Because of the island’s duty-free status, there are often good buys on watches, perfume, jewellery, alcohol, china, stereo equipment and cameras. Though it appears that there is no sales tax, a 4% tariff is built into the price.
Shopping hours are generally Monday - Saturday from 10 am to 9 pm, Sunday 12 noon - 6pm, but hours do vary from center to center.
A range of nightclubs feature music and dancing. Major hotels frequently stage shows with musicians from the USA mainland, or local performers including the Guam Symphony and Choral Society. There are a number of cinemas in Tamuning, including at least one 14-screen cinema, most showing recent USA films. Dinner shows featuring the traditional dances are held nightly in several hotels. There are also facilities that specialize in Chamorro and other forms of Micronesian island dances. The Tumon Bay SandCastle is a world class performance and entertainment facility and has a multilevel New York-style disco. Many hotels also have discos and/or the popular karaoke bars.What is the food like?
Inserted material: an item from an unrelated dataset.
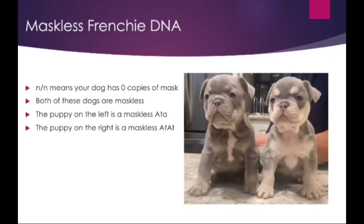This is untrue. He is maskless, but since his DNA is ATA, his gray is more dominant than his tan. Both of these dogs will be able to produce maskless puppies.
A wide selection of restaurants features American, Chinese, European, Filipino, Indonesian, Japanese, Korean and Mexican food, especially in touristy areas like Tumon Bay. Guamanian cooking is very similar to Spanish cuisine. There are a lot of international franchises like Hard Rock Cafe, McDonald’s, Hooters, and KFC.
The location of Guam makes it the perfect place to enjoy fresh seafood, which can be baked or grilled with vegetables or eaten raw like sashimi. Some of the must-try foods include kelaguen (chopped chicken with hot peppers, grated coconut and lemon juice), mahha titiyas (coconut tortillas), apigigi (a dessert made with tapioca and coconut milk, wrapped in a banana leaf and grilled), and bunelos (banana donuts).
Due to its proximity to the equator, Guam has high temperatures all year round and a typically tropical South Sea climate. The island is one of the wettest regions in the world, but it's breathtaking beauty is impressive. Basically two travel times can be distinguished on Guam:
The dry season runs from about mid-December to the end of June. During these months you’ll experience lower humidity and somewhat more moderate day temperatures. December is still quite humid as a transition month, especially in the first half of the month. Many people agree that the dry season is the best time to visit.
At the beginning of July at the latest, the rainy season starts on Guam, trade winds now carry moist Pacific air to the island and heavy rainfalls and often thunderstorms occur almost every afternoon and evening. The risk of typhoons is quite low, but statistically Guam is affected about every 8 years during the rainy season.
Yes, just take sensible precautions to protect yourself and your property against petty crime. Don’t leave passports in rental cars, especially in the trunk, as there have been a high number of thefts by gangs targeting vehicles of those who appear to be tourists.
Violent crime, including gun crime, rarely involves tourists, but you should take care when traveling in unfamiliar areas. Avoid walking through less traveled areas alone, especially at night. You can find public advisories and information about recent incidents on the websites of local law enforcement authorities.
In an emergency, call 911.
You should contact your insurance/medical assistance company promptly if you’re referred to a medical facility for treatment.
Medical treatment is expensive, make sure you have adequate travel health insurance and accessible funds to cover the cost of any medical treatment abroad.